This article is second in the series "FED should not rush rate hike". In the first article we argued that FED reserve tightening will have an undesired rapid tightening across yields, corporate and mortgage and further speculation will exacerbate it early stages of hike and posed the question whether evidence are sufficient for FED to push ahead.
US Federal Reserve has dual mandate - price stability and maximum employment
US Federal Reserve need to look beyond these two particular data and have to focus on growth and growth related factors. Simply because growth and rise in aggregate demand will finally lead FED towards its goal and as of now data says growth is recovering but still may not be solid enough.
- In first quarter GDP growth bottomed at just 0.2%. Yesterday Kansas FED manufacturing survey reached lowest level since December 2013. Most of the growth statistics have floundered sharply to the downside suggesting that economic growth might be losing momentum.
However unemployment rate reached very close to FED's longer term normal range, currently at 5.4% just about 1/2 - 1 percent point above to what can be considered as normal.
Focus now turns to second mandate, which has continued to remain soft throughout the period, in spite of near zero interest rate and $ 4 trillion stimulus injection. However recently showing signs of comeback.
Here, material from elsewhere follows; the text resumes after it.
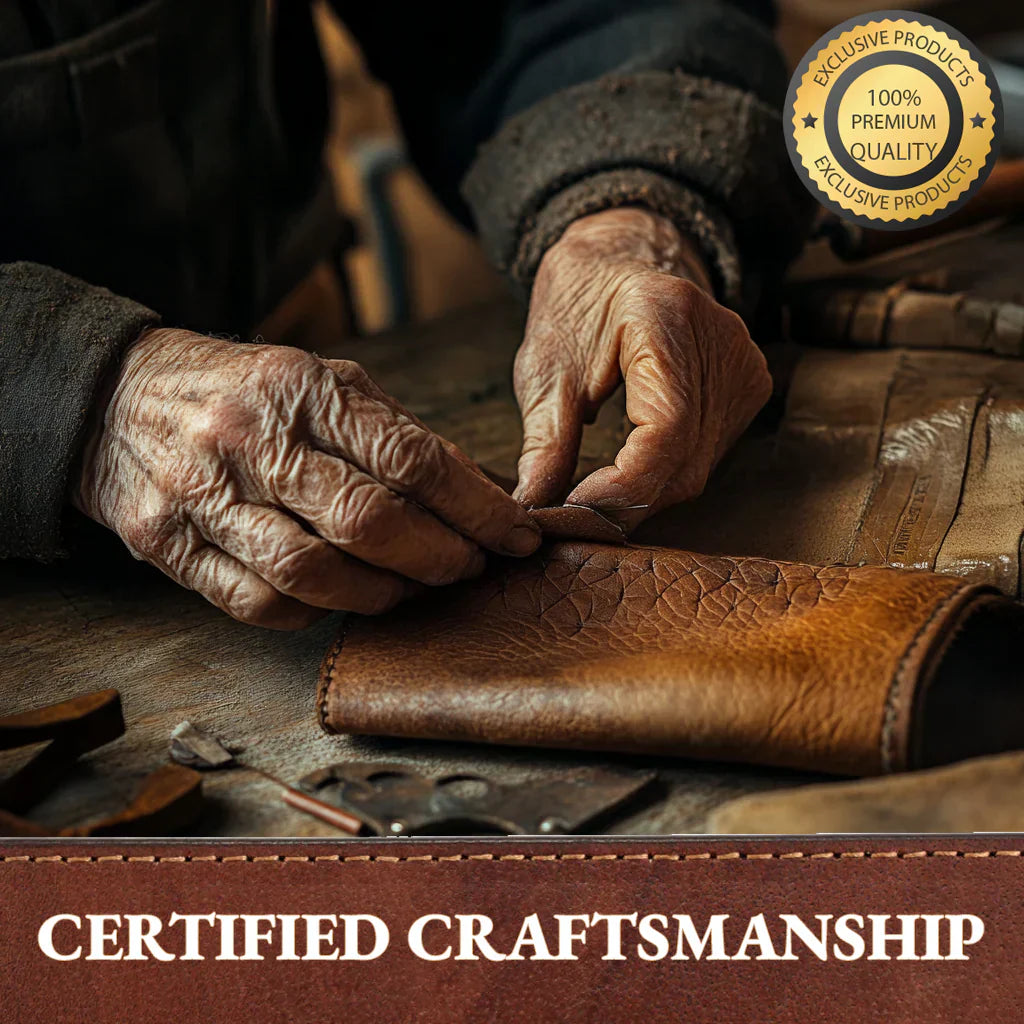 Aurora’s Charm | Vintage Shoulder Leather Bag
- Today inflation stat showed while core inflation remains strong growing 0.3% m/m and 1.8% y/y, headline inflation remained weak fell -0.2% y/y.
FED should not rush to hike rates, which runs the risk of derailing inflation, instead should late it move above 2% goal to ensure price pressure and expectation both have solidified.
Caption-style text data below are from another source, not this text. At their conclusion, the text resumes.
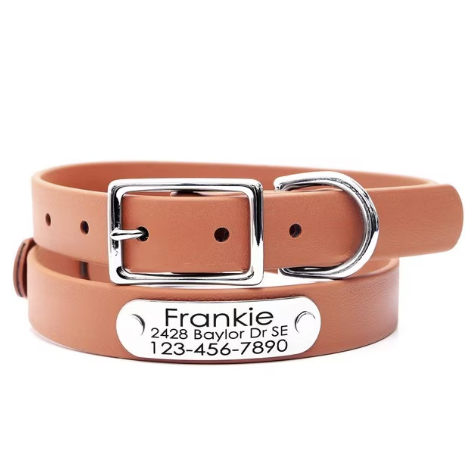Dog Collar With Name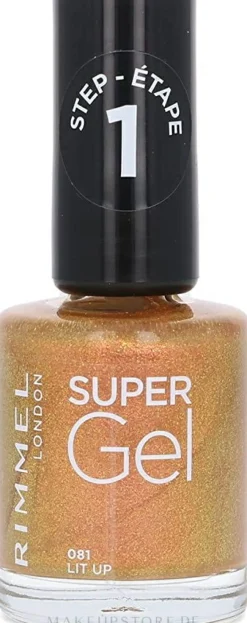 Gelnagellack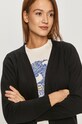 Jacqueline de Yong - Kardigan Day czarny 15154643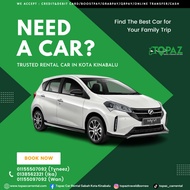Topaz Car Rental Kota Kinabalu
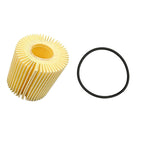 3X Oil Filter WIX 57173 for Toyota 4Runner, Lexus GS200T, RC300 (2014–2020)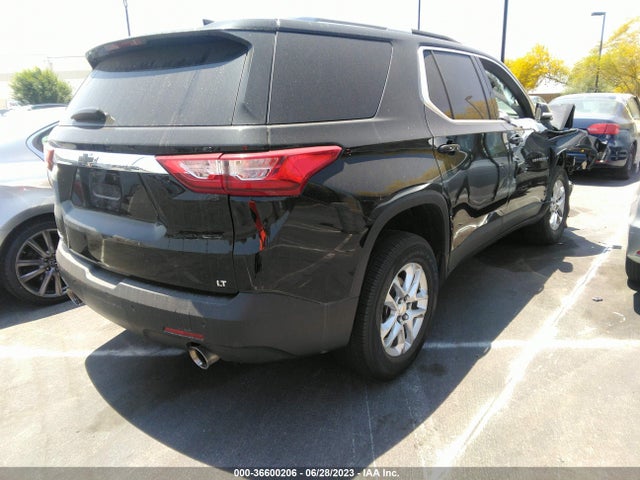 Chevrolet Traverse Lt Cloth 2018 1GNERGKW9JJ221752 Image 4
Lessons from last rate hike -
- Last time first rate hike came in June 2004, when trimmed mean PCE inflation reached almost 2.3%.
- One can argue the gap between Federal funds rate and PCE was just about 1.3% then compared to 1.65% now. However this time inflation as well as expectation remain much weaker than historic levels and economy seem to be just recovering from deflationary threats.
With trimmed mean PCE inflation hovering below 2% for last three years, there might be little merit to rush in.